Gelelim bu tarihi semtin öyküsüne… Bu öyküyü büyük efemiz Yağcıoğlu Fehmi Efe anlatmış. Tarih pek eski değil onsekizinci asrın ikinci yarısı.
Hacı Musa Mahallesi’nde oturan (Ağazade) adıyla bilinen Es-Seyit El-haç Abdullah Ağa İbni Salih efendinin yaptırdığı bir dersane yedi hücreli medresenin müderrisi olan ve halk arasında (Yağlı Dede) adıyla anılan, bilgisi, ilmi olan bir zat.
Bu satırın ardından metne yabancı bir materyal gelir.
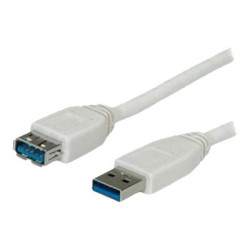 Nilox - Prolunga USB - USB Tipo A (F) a USB Tipo A (M) - USB 3.0 - 1.8 m - bianco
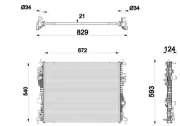 Kühler, Motorkühlung MAHLE CR 2865 000P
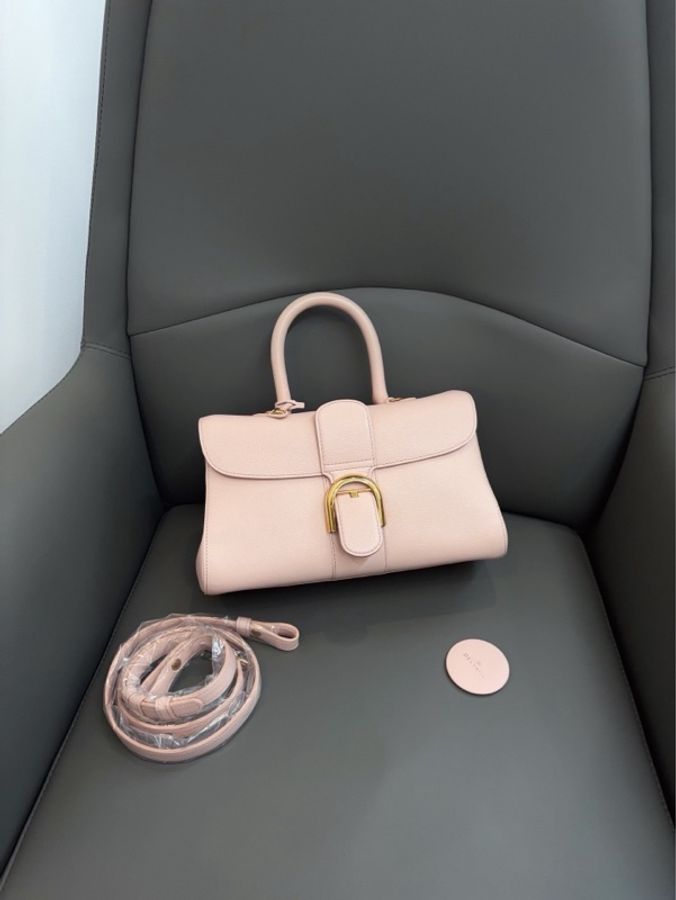 Delvaux 德尔沃横版brillaiant粉色樱花粉28*15*12-0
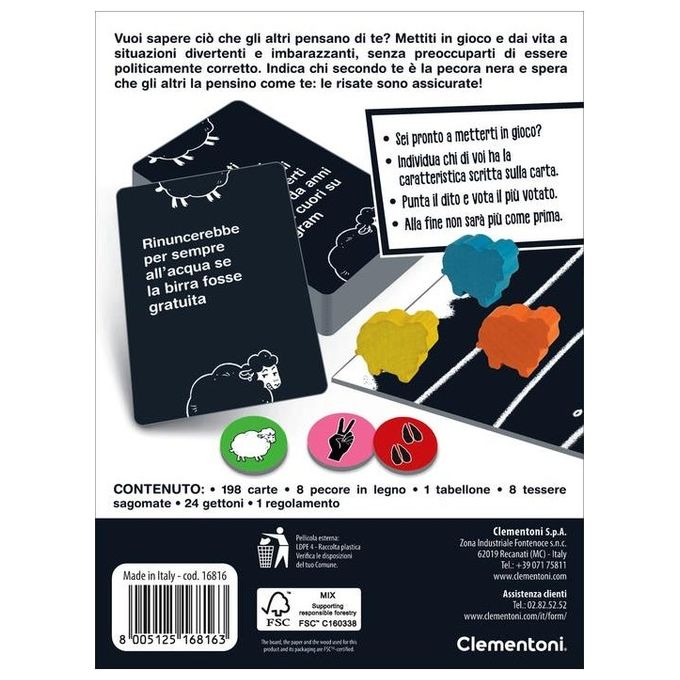 Clementoni Party Game Black Sheep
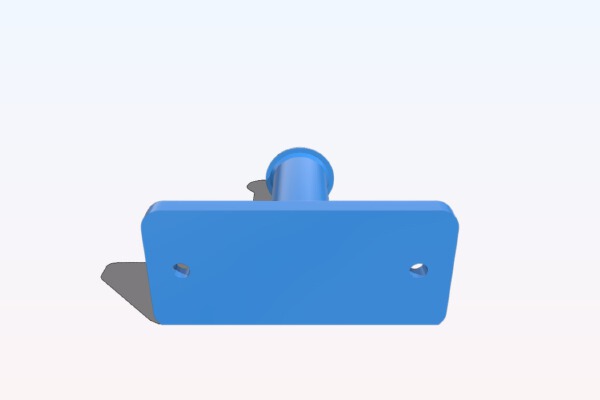 Simple Wall Mount Spool Holder for Stupid 30mm Filament Reel Holes (eg: AMZ3D) | 3d print model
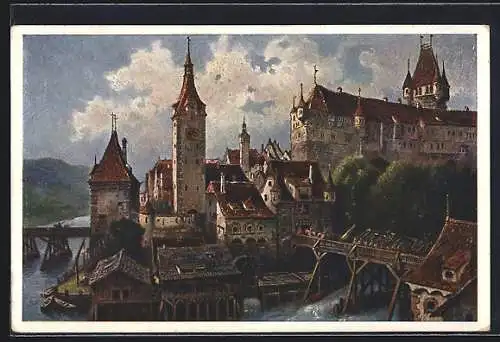AK Steyr, die alte Eysenstadt 1584
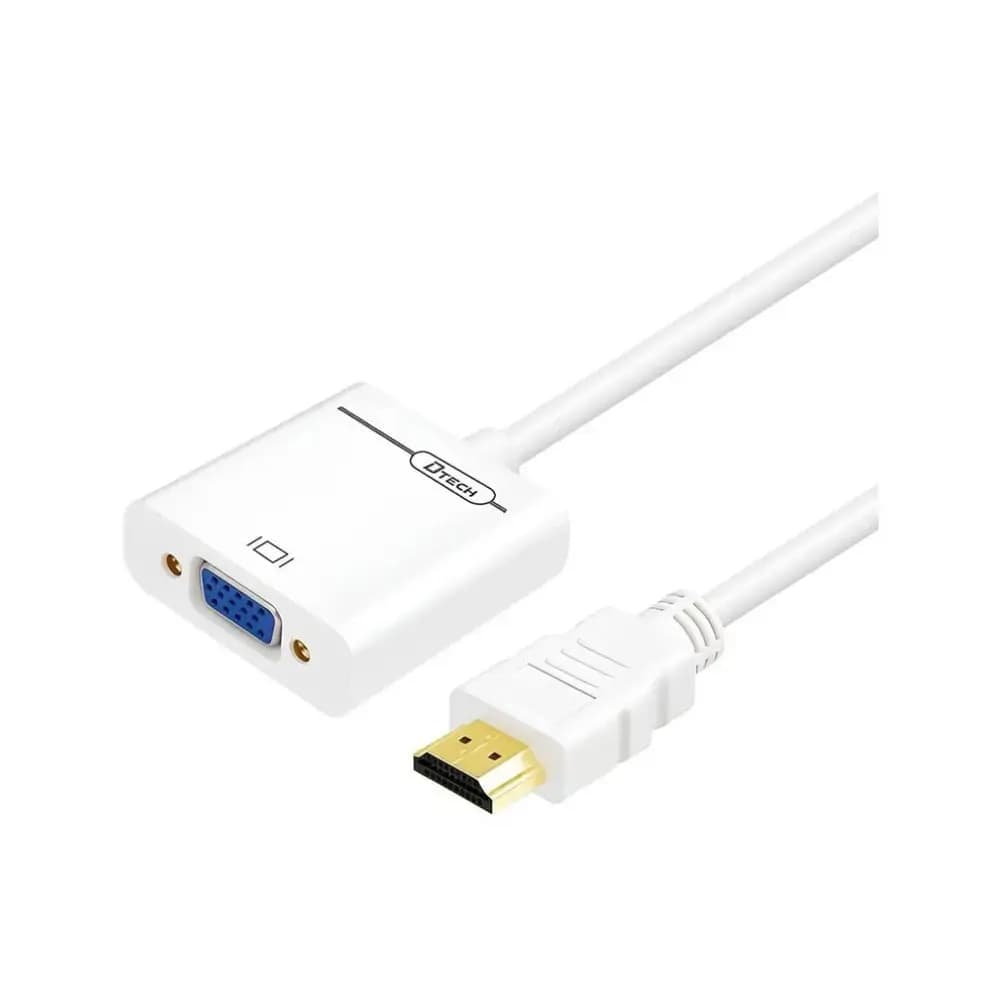 Gold-plated HDMI connector on DTECH DT-6515 converter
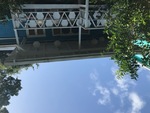 Looking up from the garden to the porch.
Yattığı rüya tabirleri, gelecekten haber vermesi, ileride yazacağımız (Misket) öyküsünde de Misket’in kaderi net şekilde görüp açıklaması, adeta Ankaralı’nın sevgi ve saygısının kazanmış, gönlünde taht kurmuş manevi bir sevgili…. İleride Ankara’nın başına gelecek, kuraklık ve çekirge afetini haber vermesi ve bu hadiselerin yaşanması, Ankaralı’nın sevgisini hürmetini katlamış.
Ancak bu sevgili dedenin nerede yattığı, ne yiyip ne içtiğini, kimse bilmez, ancak çok sıkıntıda olanlara yol gösterirmiş. Ayaklarına kadar uzanan beyaz entarisinin üzerine giydiği kırk yamalı yeşil hırkası kirli ve yağlı olduğu için halk ona (yağlı dede) adını koyuvermiş… Son yılları ben de hatırlarım, bu semtin adı Yağlı Dede idi. Her ne kadar kütüklerde kayıtlarda ismi geçmiyorsa da halk bir kere bu adı koymuş, yıkılıp ortadan kalkıncaya kadar bu ad sürmüş gelmiş…
Yağlı Dede’miz yaşlanmış, öbür dünyaya göçe hazırlanırken, Ankara eşrafından Kasım efendinin hanımının gördüğü rüyayı tabir etmiş sunulan bir kese altını elinin tersiyle iterek:
– “Ben fakir kulunuzun kursağına Ankaralının bir lokması girmedi. Bunca yıl Allah için onun rızası için Ankaralıya hizmet verdik ve hayır duasını aldık. Kasım efendi oğlum bizim zevalimiz senden ve Ankaralılardan son arzum ve isteğim şu ki diyerek ve konağın pencerelerinden belli belirsiz seçilen Küçük kapı mezarlığını işaret ederek bu tepeye bana kabir yaptırmanı istiyorum, dedi ve kıpırdayan dudaklarında bir şeyler okuduğu belli idi. Boynuna doladığı yeşil fermanisini başına sardı salona tatlı bir tebessüm bırakarak aniden kaybolup gitti.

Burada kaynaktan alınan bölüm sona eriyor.